1.5 mm wire is to my way of thinking FAR too stiff and heavy for a dropper, especially if you are talking mains cable. Use a finer wire that has many fine strands rather than only a few heavy ones. Don't use it as it'll end up ugly - and if you aren't confident woth a soldering iron, its far harder to solder than smaller better wire anyway....
Re wire weight: Especially in N scale this is ONE place where smaller hookup wire such as 7/.2mm would be fine

- providing you add droppers every meter of track at least, and keep them less than 300mm long.
Even thought its a light weight wire as a dropper it will never have to carry high current providing the overload / short protection in your DCC system is the standard fast acting type, and you wll find the smaller wire much easier to work with...so will make better more reliable and neater joints to the rail
Soldering. As Trevor advised, Solder under not to the side of the rail - before you lay the track.

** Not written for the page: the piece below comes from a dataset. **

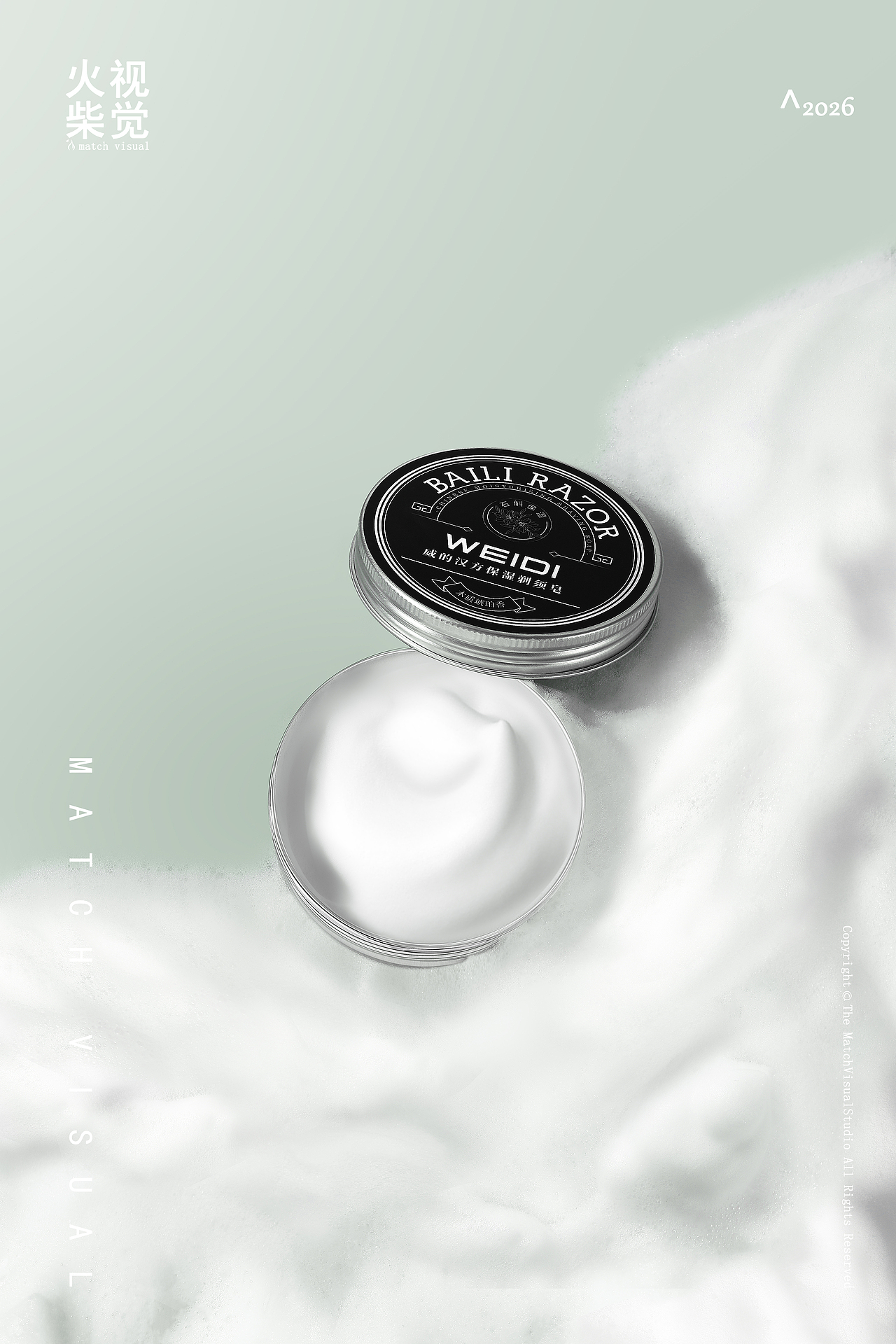 产品拍摄案例（图ZNDAyMjE1ODY0） - 产品摄影 - 站酷设计师火柴视觉原创素材 - 站酷ZCOOL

soldering iron - 25 watts or better, I recommend the Antex XS25 as a super nice Iron to use... with a 2mm or so chisel tip.
Whatever you use the tip must be clean and shiny to convey the heat to the joint. have a damp sponge by the iron and wipe the tip on it before every joint to keep it shiny.

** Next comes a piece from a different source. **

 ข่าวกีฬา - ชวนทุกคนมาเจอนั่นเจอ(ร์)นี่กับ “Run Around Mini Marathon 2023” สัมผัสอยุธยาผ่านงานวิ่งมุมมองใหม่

Use lead bearing solder - the lead free stuff is much harder for an amateur to do a good job with. Its still available if you look for it - eail me if yo ucan't get what U need.
You won't melt anything if the Iron is big eough - but if you use a wimpy one it'll take so long to heat the rail proerly that it'll do a lot of melting of plastic too! For this type of work, a bigger iron with a fine tip is much better than a wimpy one.
* cut a bit of the web away between sleepers
* clean the area with a fine file so its super shiny - even on new rail.
* apply a little flux (not acid flux - resin or similar non acid only)
* put a wee bit of solder on the tip and apply to the rail to "tin" it. this should take about 1/2 a second with a clean soldering iron tip and clean rail+flux.
*stripthe end of the wire and twist it tightly. (about 1cm)
*tin the wire end the same way as you tinned the rail - add flux then apply Iron with a bit of solder - not too much.
*bend the tinned end at a right angle and cut off the end of the L at about 3mm long.
* put this 3mm end to the rail with a bit of flux added again. apply the iron. This should take about 1 second for the solder on the pre-tinend rail and wire to flow together with little or no added solder needed.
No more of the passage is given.